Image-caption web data

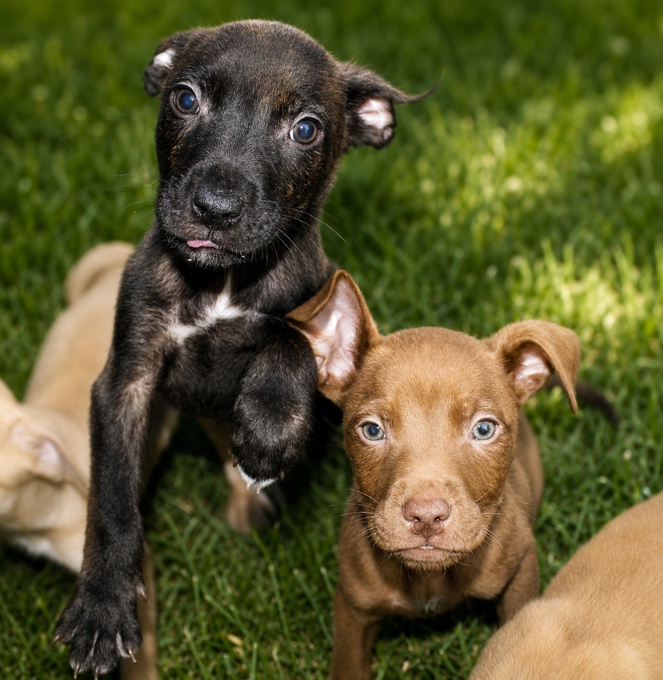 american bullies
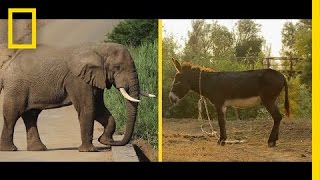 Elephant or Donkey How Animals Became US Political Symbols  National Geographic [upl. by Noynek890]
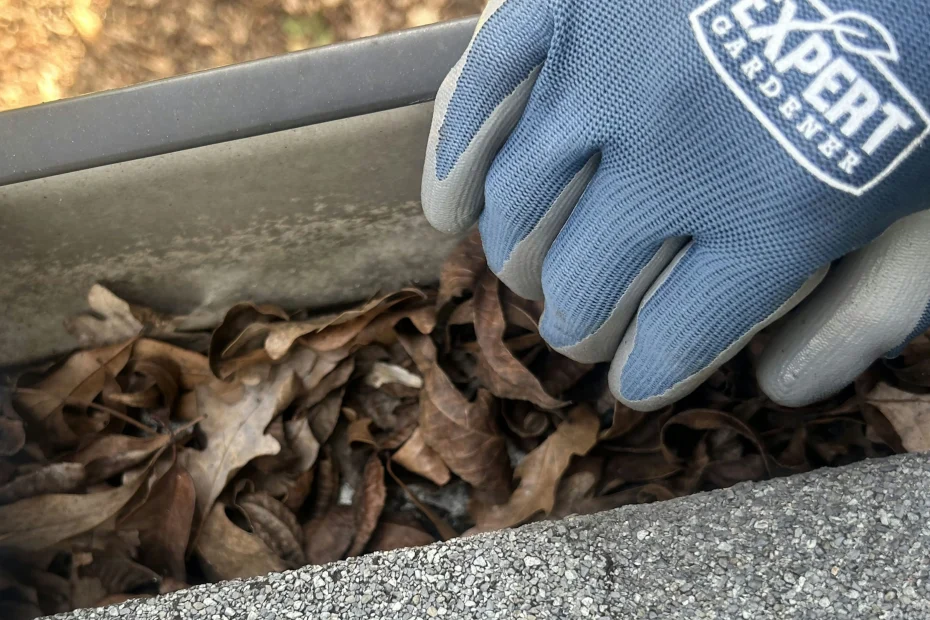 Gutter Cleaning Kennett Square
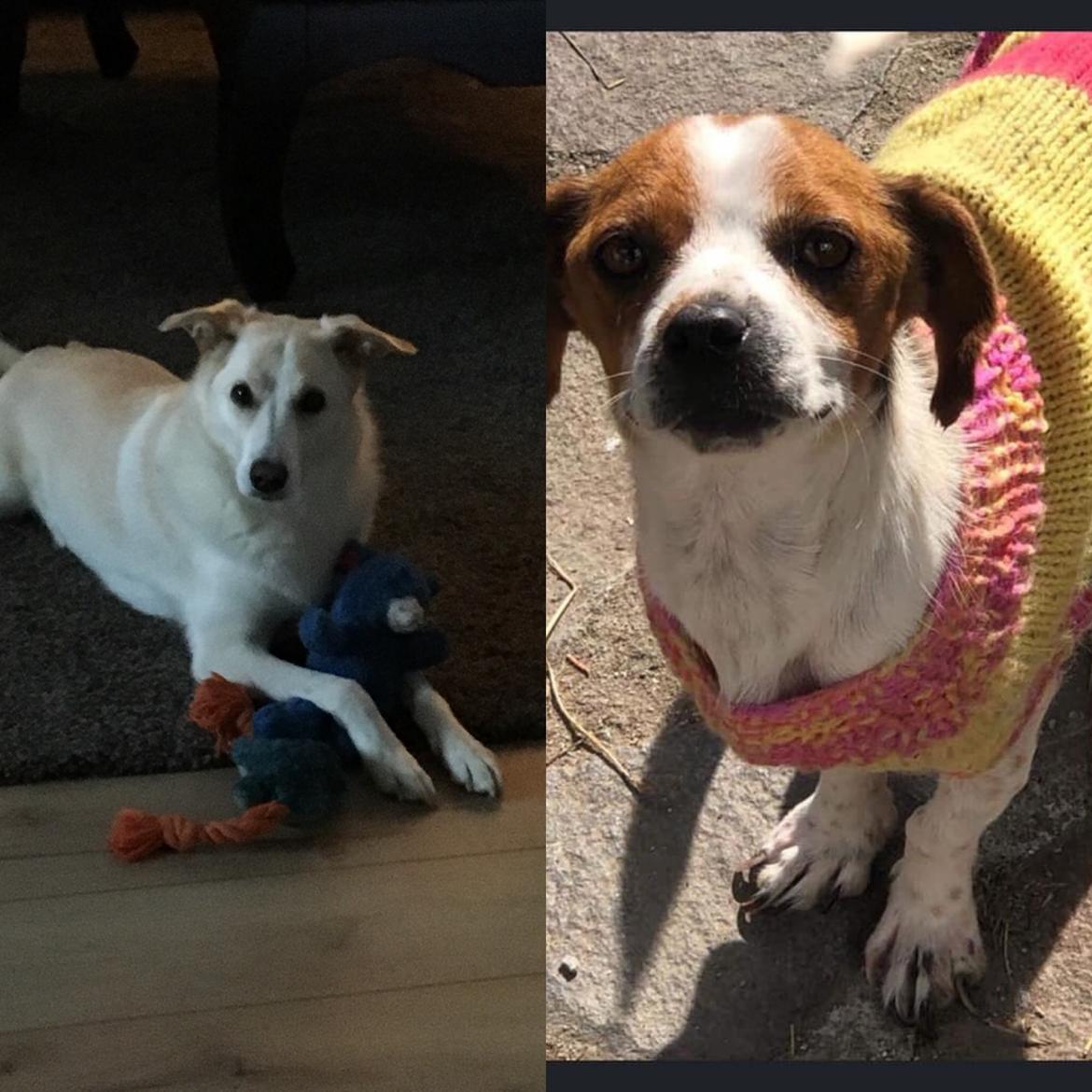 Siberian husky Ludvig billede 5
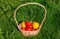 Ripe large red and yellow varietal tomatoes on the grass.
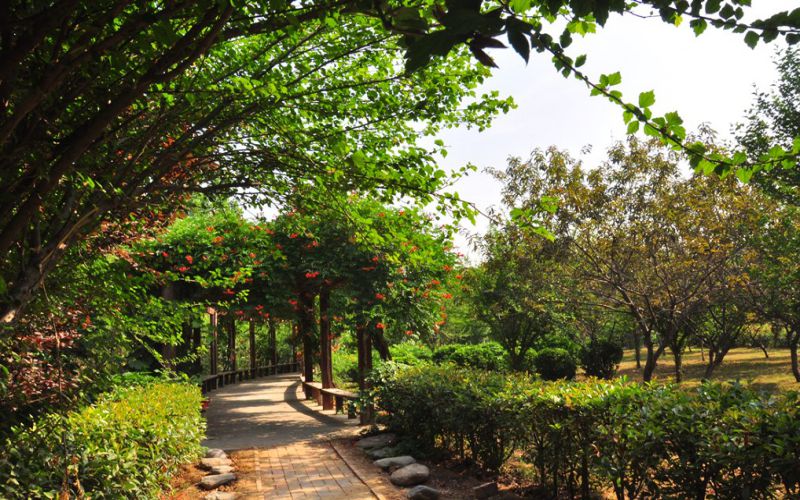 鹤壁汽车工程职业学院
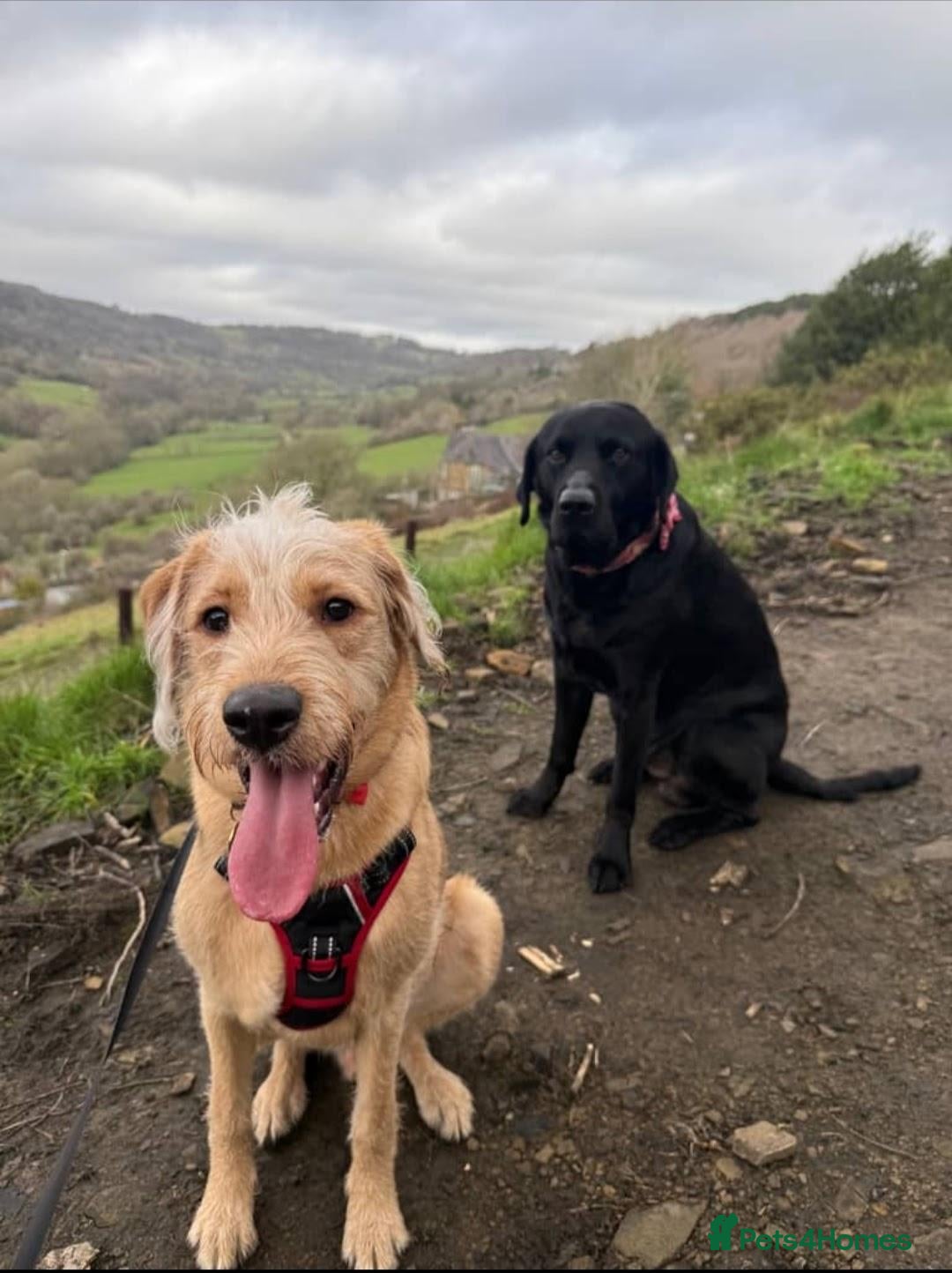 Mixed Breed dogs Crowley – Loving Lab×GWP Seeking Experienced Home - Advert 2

**Description of the task:**
Restate the records above word for word, without the pictures.

**Your solution:**
 american bullies
 Elephant or Donkey How Animals Became US Political Symbols  National Geographic [upl. by Noynek890]
 Gutter Cleaning Kennett Square
 Siberian husky Ludvig billede 5
 Ripe large red and yellow varietal tomatoes on the grass.
 鹤壁汽车工程职业学院
 Mixed Breed dogs Crowley – Loving Lab×GWP Seeking Experienced Home - Advert 2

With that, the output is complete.